But
Curiously Enough Alexander Spring, Found Dry Before, Was Now Brimful,
Evidently Filled By The Recent Rain, Which Had Not Been Heavy Enough To
Fill The Lagoon.
Here we camped for two days, which we could ill afford,
as already we had to cut down our rations, and before long our meals
would dwindle to one instead of two a day.
Godfrey's sickness
necessitated a delay - he suffered from such fearful pains in his head,
poor fellow! Often after a day's march he would collapse, and lie prone
with his head nearly bursting from pain. A drink of strong tea would
relieve him, but when water was scarce he had just to suffer.
I had a splendid chance of replenishing our larder, and, fool that I was,
I missed it. I was riding The Warden to the spring, when a kangaroo
popped up on his hind legs, and sat looking at me. The Warden would not
keep still; the surprised kangaroo actually waited for me to dismount and
aim my rifle, but just as I fired The Warden jerked my arm and I missed,
and away bounded many a good meal - and with it the pony! So I continued
my way on foot, and was rewarded by finding some interesting things. A
big camp of natives had been here in our absence; near the spring in the
scrub was a cleared corroboree ground, twenty feet by fifty yards,
cleaned of all stones and enclosed by a fallen brush-fence (this older
than the other work, showing this is a favourite meeting-place). At one
end was a sort of altar of bushes, and hidden beneath them a long, carved
board. This I took, and afterwards gave to Sir John Forrest. In every
tree surrounding the clearing a stone was lodged in the forked branches.

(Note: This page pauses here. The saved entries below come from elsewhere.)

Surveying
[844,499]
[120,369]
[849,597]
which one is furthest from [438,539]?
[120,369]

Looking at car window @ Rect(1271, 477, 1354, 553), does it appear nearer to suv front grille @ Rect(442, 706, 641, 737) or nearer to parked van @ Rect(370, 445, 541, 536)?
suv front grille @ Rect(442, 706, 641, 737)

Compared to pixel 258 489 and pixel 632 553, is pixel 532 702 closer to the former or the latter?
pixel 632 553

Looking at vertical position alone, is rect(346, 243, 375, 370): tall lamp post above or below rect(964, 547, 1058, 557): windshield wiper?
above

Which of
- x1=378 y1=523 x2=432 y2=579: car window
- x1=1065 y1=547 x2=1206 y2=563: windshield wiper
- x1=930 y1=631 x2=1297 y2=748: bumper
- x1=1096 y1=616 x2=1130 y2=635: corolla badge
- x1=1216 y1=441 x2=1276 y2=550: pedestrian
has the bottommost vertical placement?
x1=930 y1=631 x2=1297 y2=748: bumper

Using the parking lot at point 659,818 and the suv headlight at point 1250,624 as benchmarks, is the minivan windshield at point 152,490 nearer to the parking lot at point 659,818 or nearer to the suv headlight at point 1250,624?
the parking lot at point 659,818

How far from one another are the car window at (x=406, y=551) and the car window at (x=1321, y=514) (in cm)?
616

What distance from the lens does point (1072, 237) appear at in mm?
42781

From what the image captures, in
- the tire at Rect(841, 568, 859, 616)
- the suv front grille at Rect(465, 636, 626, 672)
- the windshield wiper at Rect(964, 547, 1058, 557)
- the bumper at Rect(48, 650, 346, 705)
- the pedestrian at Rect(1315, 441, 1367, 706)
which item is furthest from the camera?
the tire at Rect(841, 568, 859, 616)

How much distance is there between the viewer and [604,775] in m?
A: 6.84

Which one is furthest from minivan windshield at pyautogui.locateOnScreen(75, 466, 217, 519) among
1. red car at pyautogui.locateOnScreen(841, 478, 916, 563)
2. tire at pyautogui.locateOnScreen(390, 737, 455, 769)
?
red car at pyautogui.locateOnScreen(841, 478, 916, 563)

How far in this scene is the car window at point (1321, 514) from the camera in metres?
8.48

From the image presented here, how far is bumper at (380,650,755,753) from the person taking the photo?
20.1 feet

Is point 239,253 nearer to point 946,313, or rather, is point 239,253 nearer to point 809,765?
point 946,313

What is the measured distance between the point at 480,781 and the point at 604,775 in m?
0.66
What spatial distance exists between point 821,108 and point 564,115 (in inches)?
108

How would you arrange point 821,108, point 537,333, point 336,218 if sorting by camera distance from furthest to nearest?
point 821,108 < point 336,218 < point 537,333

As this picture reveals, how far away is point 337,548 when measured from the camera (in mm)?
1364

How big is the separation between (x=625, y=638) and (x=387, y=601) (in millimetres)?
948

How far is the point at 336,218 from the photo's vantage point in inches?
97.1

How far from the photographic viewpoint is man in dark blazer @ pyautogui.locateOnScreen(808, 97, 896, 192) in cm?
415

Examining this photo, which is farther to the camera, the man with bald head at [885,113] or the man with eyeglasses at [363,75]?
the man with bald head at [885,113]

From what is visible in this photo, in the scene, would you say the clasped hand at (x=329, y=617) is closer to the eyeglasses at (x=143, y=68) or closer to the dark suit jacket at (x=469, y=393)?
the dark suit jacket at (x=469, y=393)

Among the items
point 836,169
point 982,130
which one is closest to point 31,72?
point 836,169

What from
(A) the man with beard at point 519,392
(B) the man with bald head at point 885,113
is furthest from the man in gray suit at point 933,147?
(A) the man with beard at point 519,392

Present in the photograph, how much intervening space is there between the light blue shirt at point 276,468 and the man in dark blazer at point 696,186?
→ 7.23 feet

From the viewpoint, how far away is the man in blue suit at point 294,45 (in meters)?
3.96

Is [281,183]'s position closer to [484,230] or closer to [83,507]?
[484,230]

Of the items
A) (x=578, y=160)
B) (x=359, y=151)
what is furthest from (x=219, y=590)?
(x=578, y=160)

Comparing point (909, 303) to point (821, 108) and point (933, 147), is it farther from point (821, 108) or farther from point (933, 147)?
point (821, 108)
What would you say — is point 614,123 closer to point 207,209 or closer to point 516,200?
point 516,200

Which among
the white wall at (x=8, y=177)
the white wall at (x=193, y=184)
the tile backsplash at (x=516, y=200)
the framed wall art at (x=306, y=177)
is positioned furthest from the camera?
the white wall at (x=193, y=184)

The pile of stones on Mount Allott had not been touched, nor had my board
been removed. On it I found an addition to my directions to the
lagoon - an addition made by two prospectors, Swincer and Haden, who had
been in this locality two months after our first visit. I did not meet
either Mr. Swincer or Mr. Haden, but I heard that my board had been of
great service to them, for without it they would not have known of the
lagoon, where they camped some time. G.H.S. carved on a tree near the
Blythe Creek was also due to them; I believe that was about their
furthest point reached, from which they returned to Lake Darlot. On their
return they depended on a water which failed them, and they had in
consequence a narrow squeak for their lives. On nearing camp I met
Breaden and Warri, who had started to track me up, for Warden's return
with an empty saddle had caused a little anxiety.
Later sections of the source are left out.